[Task details]: Below is a listing. Return the lines from the one that contains "Villa i Vallet, Loire-Atlantique, Vallet" to the one that contains "STUFFCOOL CLICK 10", both ends included, verbatim and with no pictures.

*** The data Section Begins ***

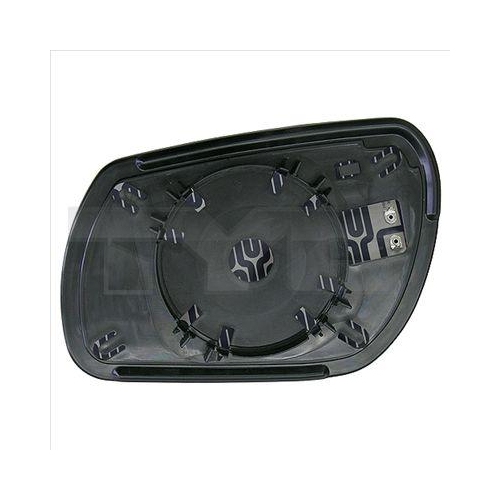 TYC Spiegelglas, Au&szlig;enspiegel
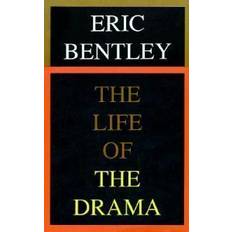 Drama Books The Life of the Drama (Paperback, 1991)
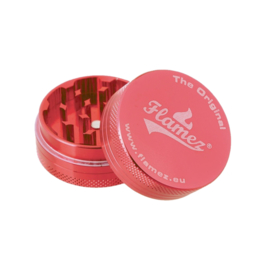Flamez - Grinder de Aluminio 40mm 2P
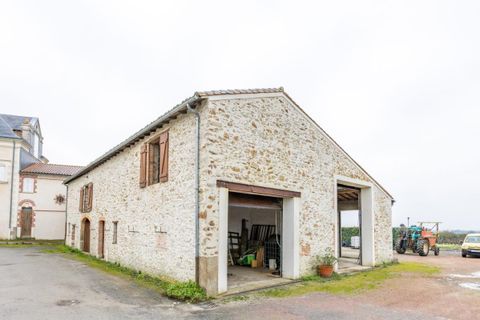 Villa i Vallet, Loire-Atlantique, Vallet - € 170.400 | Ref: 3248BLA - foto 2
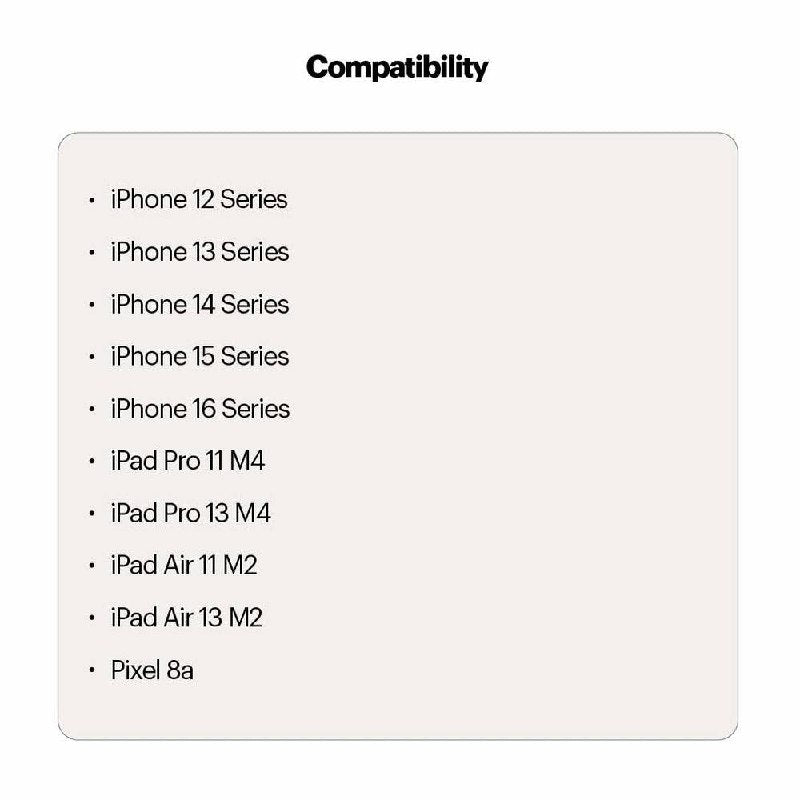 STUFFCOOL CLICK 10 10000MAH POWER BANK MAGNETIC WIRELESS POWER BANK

*** The data Section Ends ***
*** The data Section Begins ***

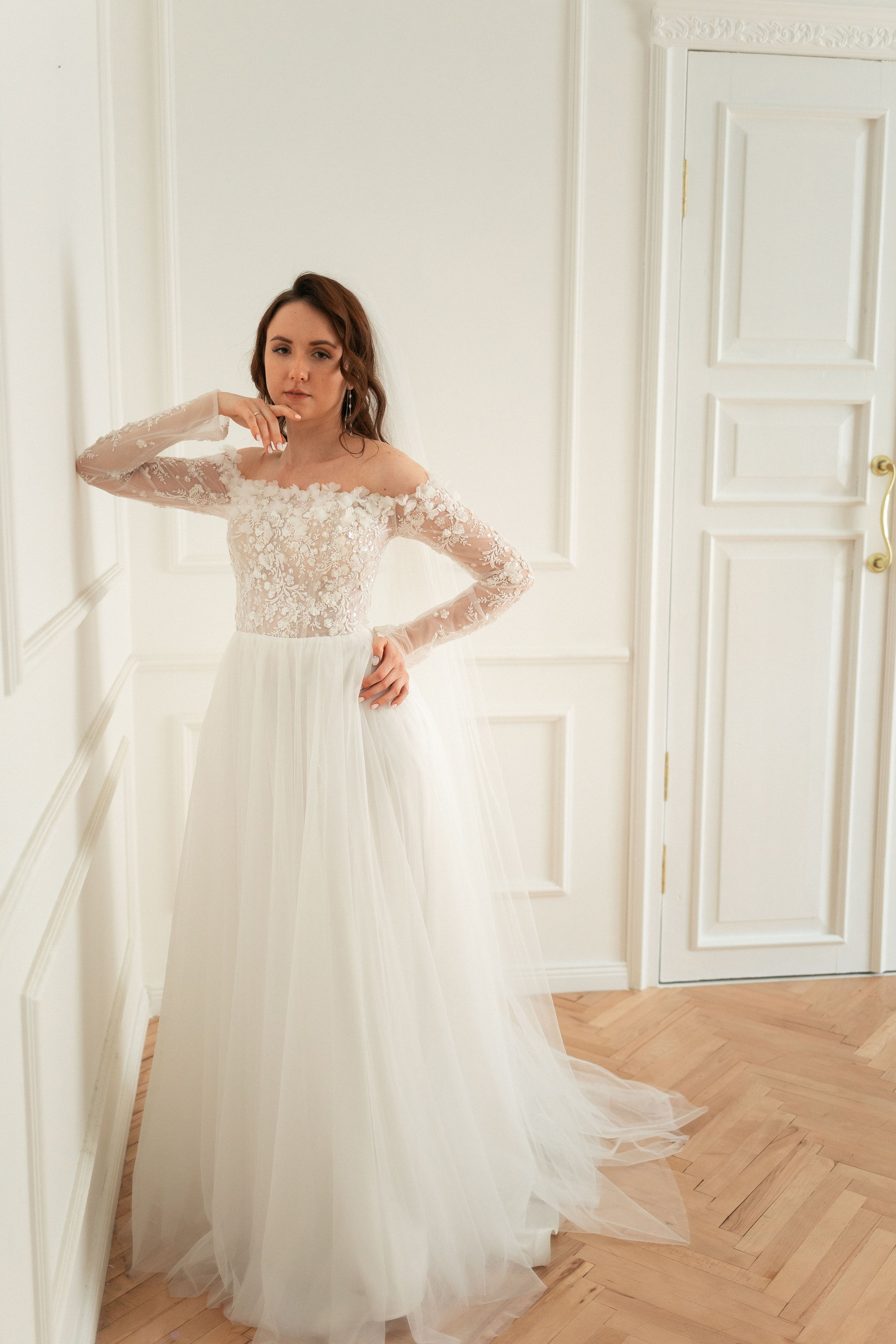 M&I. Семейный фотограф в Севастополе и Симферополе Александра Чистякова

*** The data Section Ends ***

[Task solution]:
 Villa i Vallet, Loire-Atlantique, Vallet - € 170.400 | Ref: 3248BLA - foto 2
 STUFFCOOL CLICK 10 10000MAH POWER BANK MAGNETIC WIRELESS POWER BANK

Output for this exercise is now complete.